Created: February 21, 2020 11:20 PM
ROTTERDAM - Six years after Rotterdam EMS (REMS) was awarded grant money to buy a new ambulance, they're finally getting it. The director said they hit a number of roadblocks along the way.
REMS was awarded the $125,000 grant back in 2014, but since then they've faced years of paperwork, fundraising, and even an audit by the state.
Assemblyman Angelo Santabarbara said finally the money has been set aside in the state budget this year.
"I am thankful that the funding is here and it's where it supposed to go, but it's not enough,” Santabarbara said. “The state needs to do much more."
Santabarbara is the chairman of the state Legislative Committee on Rural Resources.

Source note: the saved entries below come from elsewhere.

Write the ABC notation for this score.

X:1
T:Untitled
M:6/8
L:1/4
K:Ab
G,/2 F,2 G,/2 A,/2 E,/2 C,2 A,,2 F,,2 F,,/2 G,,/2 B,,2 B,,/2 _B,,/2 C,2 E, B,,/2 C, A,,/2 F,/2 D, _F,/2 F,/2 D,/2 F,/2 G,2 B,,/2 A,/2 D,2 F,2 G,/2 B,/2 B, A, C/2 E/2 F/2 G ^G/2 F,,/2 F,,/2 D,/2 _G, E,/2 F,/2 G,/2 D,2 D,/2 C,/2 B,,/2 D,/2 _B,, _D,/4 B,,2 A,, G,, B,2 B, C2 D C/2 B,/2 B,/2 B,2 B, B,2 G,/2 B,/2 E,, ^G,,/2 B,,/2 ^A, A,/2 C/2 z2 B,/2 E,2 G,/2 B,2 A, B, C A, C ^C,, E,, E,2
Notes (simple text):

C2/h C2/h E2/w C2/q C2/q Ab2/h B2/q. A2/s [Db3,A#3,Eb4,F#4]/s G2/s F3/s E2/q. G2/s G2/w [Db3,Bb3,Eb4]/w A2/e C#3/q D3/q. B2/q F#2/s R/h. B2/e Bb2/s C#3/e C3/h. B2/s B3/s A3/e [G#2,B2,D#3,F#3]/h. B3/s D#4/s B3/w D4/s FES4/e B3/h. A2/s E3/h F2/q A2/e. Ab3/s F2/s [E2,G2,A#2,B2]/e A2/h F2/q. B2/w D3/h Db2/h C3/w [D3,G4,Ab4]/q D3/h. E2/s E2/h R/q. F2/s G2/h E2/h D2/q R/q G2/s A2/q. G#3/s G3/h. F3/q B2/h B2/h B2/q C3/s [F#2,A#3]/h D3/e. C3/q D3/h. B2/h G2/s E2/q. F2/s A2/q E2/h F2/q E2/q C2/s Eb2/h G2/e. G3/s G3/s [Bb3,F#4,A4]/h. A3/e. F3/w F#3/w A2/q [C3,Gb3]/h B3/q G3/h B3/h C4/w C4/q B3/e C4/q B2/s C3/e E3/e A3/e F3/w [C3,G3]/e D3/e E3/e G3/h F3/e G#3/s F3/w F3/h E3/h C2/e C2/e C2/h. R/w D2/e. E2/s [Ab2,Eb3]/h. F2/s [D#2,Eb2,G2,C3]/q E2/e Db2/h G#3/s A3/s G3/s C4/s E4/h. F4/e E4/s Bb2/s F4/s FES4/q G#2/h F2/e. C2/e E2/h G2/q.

He said the state needs to invest in rural communities significantly if Governor Andrew Cuomo really wants to stop population decline in New York.
"That includes schools, that includes our broadband coverage, that includes a number of unique things that we that support our communities and certainly that includes rural ambulances,” he said.
REMS Director Dean Romero said he’s lost track of the hours they’ve spent filling out paperwork to get the money. Romero said they also had to save $10,000 to cover the cost of a state audit.
After saving for three years and completing the audit they still weren't in the clear.
"When we uploaded that [audit] information all of the paperwork had expired then we had to do all the paperwork over again starting from scratch,” Romero said. “Which we did and now and we submitted and then I took a couple months for them to re-pre-approve us. Now that that's done we are in the final stages. I anticipate 30 to 60 days we'll get the money."
Just in the nick of time too, because two of their ambulances recently broke down. Fortunately, one was able to be repaired, so the new ambulance will bring them back up to a full fleet.
Though Romero and Santabarbara said they understand the state has to be mindful of fraud, they also believe the harder is it to get funding, the more difficult it is for rural EMS companies to keep their doors open.
“If the state doesn't do something to secure funding and stabilize funding for ambulance services there will be more ambulance services that close down,” Romero said.
“And what’s left behind is the ambulance services are under further strain now because what's left they have to cover those areas now with very few volunteers with limited resources,” Santabarbara said.
Santabarbara said over the last year over 26 rural ambulance services have shut down.
After REMS receives the money for the new ambulance from the state they'll need to install a few pieces of technology and supplies as well as lettering on the outside. Romero said that will probably take another couple of weeks.